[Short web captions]
******************************

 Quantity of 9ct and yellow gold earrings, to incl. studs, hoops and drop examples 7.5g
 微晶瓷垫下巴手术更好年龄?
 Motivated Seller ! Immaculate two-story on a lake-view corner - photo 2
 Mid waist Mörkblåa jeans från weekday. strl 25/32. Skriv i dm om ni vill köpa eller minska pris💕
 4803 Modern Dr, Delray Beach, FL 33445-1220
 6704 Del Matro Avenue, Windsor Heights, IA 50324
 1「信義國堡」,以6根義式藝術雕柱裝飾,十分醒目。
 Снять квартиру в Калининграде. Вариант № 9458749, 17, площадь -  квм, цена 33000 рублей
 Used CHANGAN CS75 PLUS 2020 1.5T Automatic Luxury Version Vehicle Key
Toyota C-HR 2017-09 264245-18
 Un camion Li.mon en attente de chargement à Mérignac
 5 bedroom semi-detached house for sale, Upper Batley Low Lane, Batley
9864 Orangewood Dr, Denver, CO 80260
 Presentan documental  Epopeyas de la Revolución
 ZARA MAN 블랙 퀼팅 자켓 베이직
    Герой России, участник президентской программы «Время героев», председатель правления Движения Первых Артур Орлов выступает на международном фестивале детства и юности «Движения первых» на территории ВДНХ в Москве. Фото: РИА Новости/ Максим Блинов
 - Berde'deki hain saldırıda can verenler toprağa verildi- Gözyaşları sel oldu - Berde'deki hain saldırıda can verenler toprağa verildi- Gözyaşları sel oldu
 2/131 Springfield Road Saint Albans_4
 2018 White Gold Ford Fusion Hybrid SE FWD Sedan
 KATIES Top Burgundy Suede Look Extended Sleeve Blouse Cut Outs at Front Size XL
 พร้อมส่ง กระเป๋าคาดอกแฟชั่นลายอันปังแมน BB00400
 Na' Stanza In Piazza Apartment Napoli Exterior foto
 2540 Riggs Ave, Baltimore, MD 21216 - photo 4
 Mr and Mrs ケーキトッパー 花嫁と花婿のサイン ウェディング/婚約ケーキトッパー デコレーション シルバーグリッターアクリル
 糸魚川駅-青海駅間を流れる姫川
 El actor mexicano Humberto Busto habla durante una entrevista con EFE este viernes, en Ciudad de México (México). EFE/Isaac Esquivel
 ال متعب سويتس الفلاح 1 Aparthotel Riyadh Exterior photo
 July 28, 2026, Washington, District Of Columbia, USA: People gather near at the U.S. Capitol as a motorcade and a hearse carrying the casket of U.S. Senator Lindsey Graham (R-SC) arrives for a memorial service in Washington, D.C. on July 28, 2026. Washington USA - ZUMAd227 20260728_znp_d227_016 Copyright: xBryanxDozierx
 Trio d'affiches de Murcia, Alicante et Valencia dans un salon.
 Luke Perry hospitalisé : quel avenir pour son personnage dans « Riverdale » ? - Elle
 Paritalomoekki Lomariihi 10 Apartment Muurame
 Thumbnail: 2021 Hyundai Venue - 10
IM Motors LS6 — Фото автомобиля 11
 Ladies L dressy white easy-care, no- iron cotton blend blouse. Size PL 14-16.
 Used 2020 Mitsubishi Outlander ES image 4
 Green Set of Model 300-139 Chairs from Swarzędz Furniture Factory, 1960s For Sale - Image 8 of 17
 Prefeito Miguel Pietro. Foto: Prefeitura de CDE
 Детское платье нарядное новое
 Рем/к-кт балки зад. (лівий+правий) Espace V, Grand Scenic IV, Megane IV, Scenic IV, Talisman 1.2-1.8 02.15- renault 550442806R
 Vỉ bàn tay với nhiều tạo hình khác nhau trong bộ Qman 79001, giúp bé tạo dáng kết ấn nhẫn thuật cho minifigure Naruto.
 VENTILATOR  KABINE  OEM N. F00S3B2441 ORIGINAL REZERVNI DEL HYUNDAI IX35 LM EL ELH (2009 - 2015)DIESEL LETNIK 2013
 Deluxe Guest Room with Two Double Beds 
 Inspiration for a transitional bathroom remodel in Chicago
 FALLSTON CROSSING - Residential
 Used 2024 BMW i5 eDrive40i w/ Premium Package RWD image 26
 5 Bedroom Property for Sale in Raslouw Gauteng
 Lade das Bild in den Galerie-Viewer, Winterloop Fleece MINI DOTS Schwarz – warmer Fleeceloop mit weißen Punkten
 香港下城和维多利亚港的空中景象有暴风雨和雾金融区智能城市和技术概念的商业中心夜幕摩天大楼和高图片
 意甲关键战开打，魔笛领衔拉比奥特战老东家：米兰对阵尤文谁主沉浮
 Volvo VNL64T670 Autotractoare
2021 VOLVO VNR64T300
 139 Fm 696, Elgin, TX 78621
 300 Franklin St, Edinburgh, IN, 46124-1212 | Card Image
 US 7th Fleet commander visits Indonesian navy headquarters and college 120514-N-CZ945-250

******************************

■ What to work on ■
Above are some lines. Repeat exactly, and only, those from the line that has "Na' Stanza In" through the line that has "El actor mexicano".

■ Exercise result ■
 Na' Stanza In Piazza Apartment Napoli Exterior foto
 2540 Riggs Ave, Baltimore, MD 21216 - photo 4
 Mr and Mrs ケーキトッパー 花嫁と花婿のサイン ウェディング/婚約ケーキトッパー デコレーション シルバーグリッターアクリル
 糸魚川駅-青海駅間を流れる姫川
 El actor mexicano Humberto Busto habla durante una entrevista con EFE este viernes, en Ciudad de México (México). EFE/Isaac Esquivel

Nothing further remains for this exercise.